** Task description **
The entries below contain a line with "Where to go" and a line with "A focused professional". Retype exactly everything from the first down to the second, both included, and nothing else.

** Data under study **
::::

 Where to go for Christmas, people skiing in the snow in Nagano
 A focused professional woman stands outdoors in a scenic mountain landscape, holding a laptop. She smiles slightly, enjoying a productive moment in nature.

::::

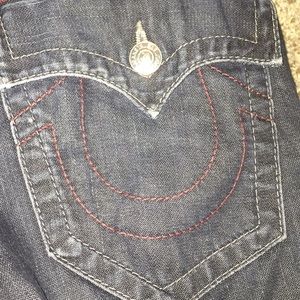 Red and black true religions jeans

::::

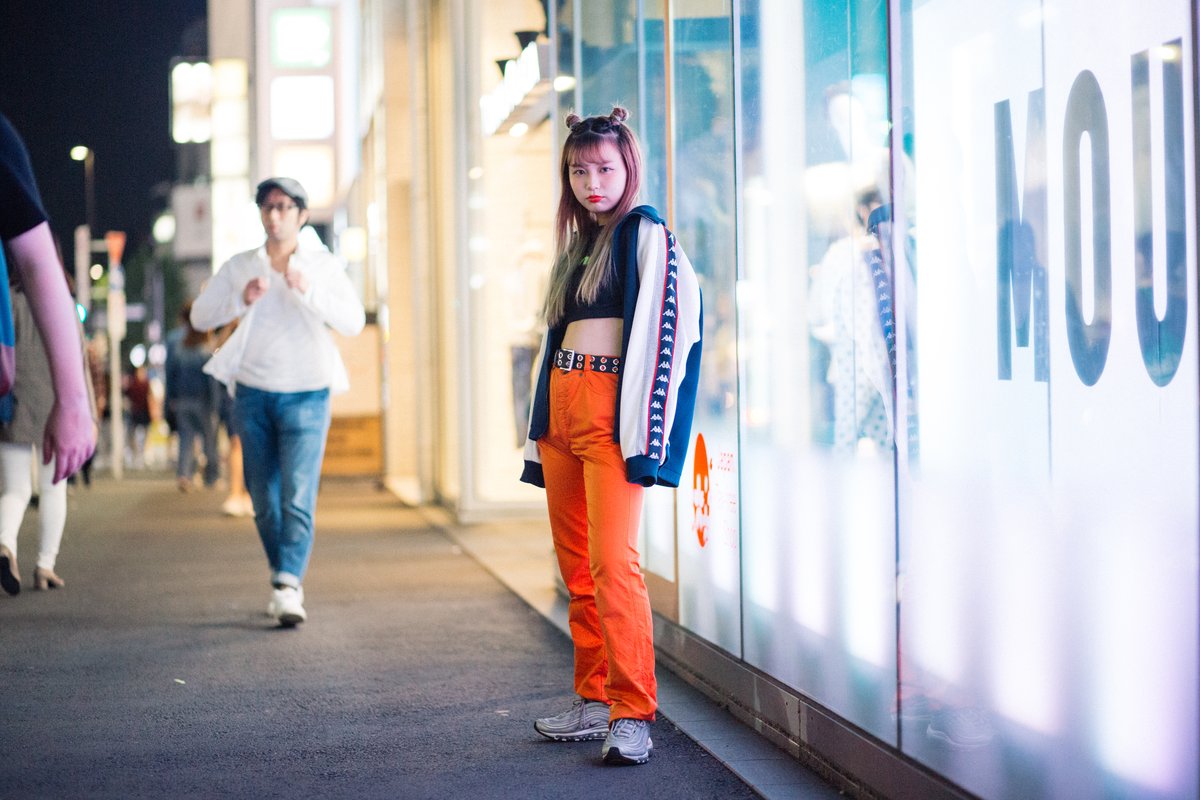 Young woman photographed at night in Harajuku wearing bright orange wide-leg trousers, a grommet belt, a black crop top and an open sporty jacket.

::::

** Solution **
 Where to go for Christmas, people skiing in the snow in Nagano
 A focused professional woman stands outdoors in a scenic mountain landscape, holding a laptop. She smiles slightly, enjoying a productive moment in nature.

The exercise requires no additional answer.